Теперь я сидел у своего окна, охваченный ужасом, и ужас не отступал. Я смотрел на Эллис-авеню, пока она не начала расплываться перед глазами. Я просто не мог представить, как выйду на улицу. Мимо прошли двое мужчин, похожие с виду на профессоров. Один помахивал закрытым зонтом, второй нес плащ, подцепив одним пальцем и перекинув через плечо, словно телезвезда. Люди и их жизнь. Люди и их образы. Это было ошеломительно, меня начинало мутить от одной мысли об этом. Как же я смогу когда-либо найти место среди них? Как я научусь хотеть этого? Мне нечего было сказать людям. Все, что меня волновало, было только для меня одного. Я вдруг подумал, что надо собраться с духом, просто выйти на улицу и спросить первого встречного… О чем? О чем угодно. О том, как пройти… в Музей науки и промышленности. Что за скверный выбор, даже в воображении. Именно в этом музее мы с Джейд провели наш первый день вдвоем, в этом дворце прогресса с его уносящимся ввысь вестибюлем, с подлинными боевыми самолетами времен Первой мировой войны, свисающими с потолка на стальных тросах.
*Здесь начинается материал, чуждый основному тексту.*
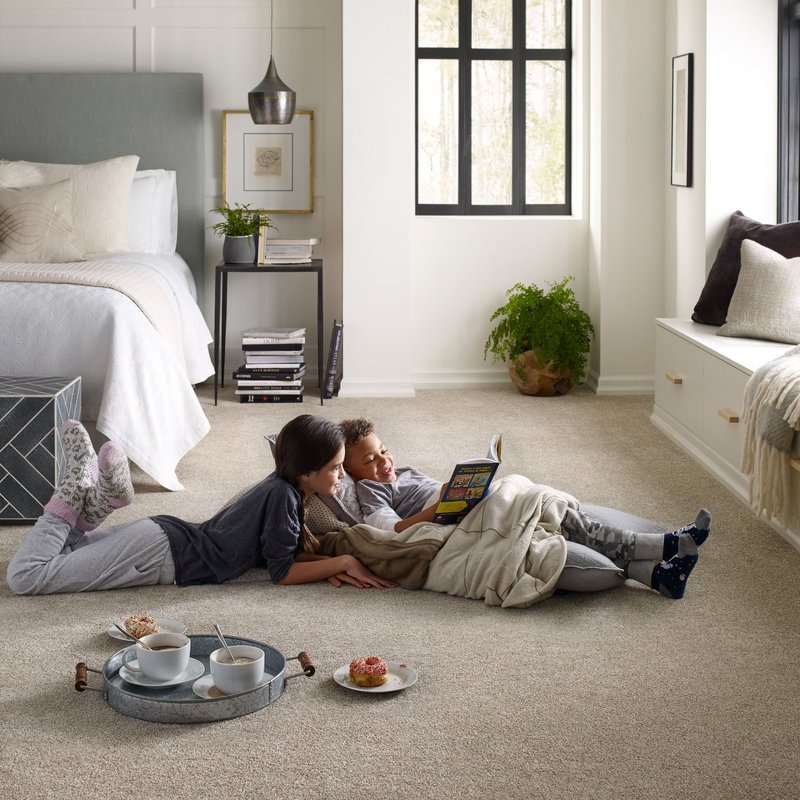 Kids sitting on carpeted floor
Держась за руки – на самом деле едва касаясь пальцами, – мы проехали в тряской вагонетке через точную копию угольной шахты, а потом, позже, переговаривались шепотом, стоя лицом к созданному наукой листу оргстекла, разделенные почти двумя сотнями ярдов. Сказанные шепотом слова доносились с удивительной четкостью, как будто были произнесены совсем близко, как будто мы шептались в постели, хотя тогда мы еще не добрались до постели. Под конец мы прошли через гигантскую модель человеческого сердца вместе с двадцатью детьми в футболках лагеря «Вигвам». Мы медленно двигались по желудочкам, вслушиваясь в вездесущее биение, которое доносилось из спрятанных динамиков, касаясь смоделированных кровеносных сосудов. Джейд, в семье которой медицинские вопросы обсуждались непрерывно и в подробностях, поделилась одной из многочисленных теорий своего отца по поводу Здорового Сердца, а я – в горле у меня так пересохло, что я не осмеливался заговорить, – восхищался нашим путешествием по символическому вместилищу страстей и ощущал всепоглощающую радость от явственного осознания: я с самого начала знал, что люблю ее, и еще знал, что никогда не откажусь от этой любви, никогда не попытаюсь, никогда не захочу.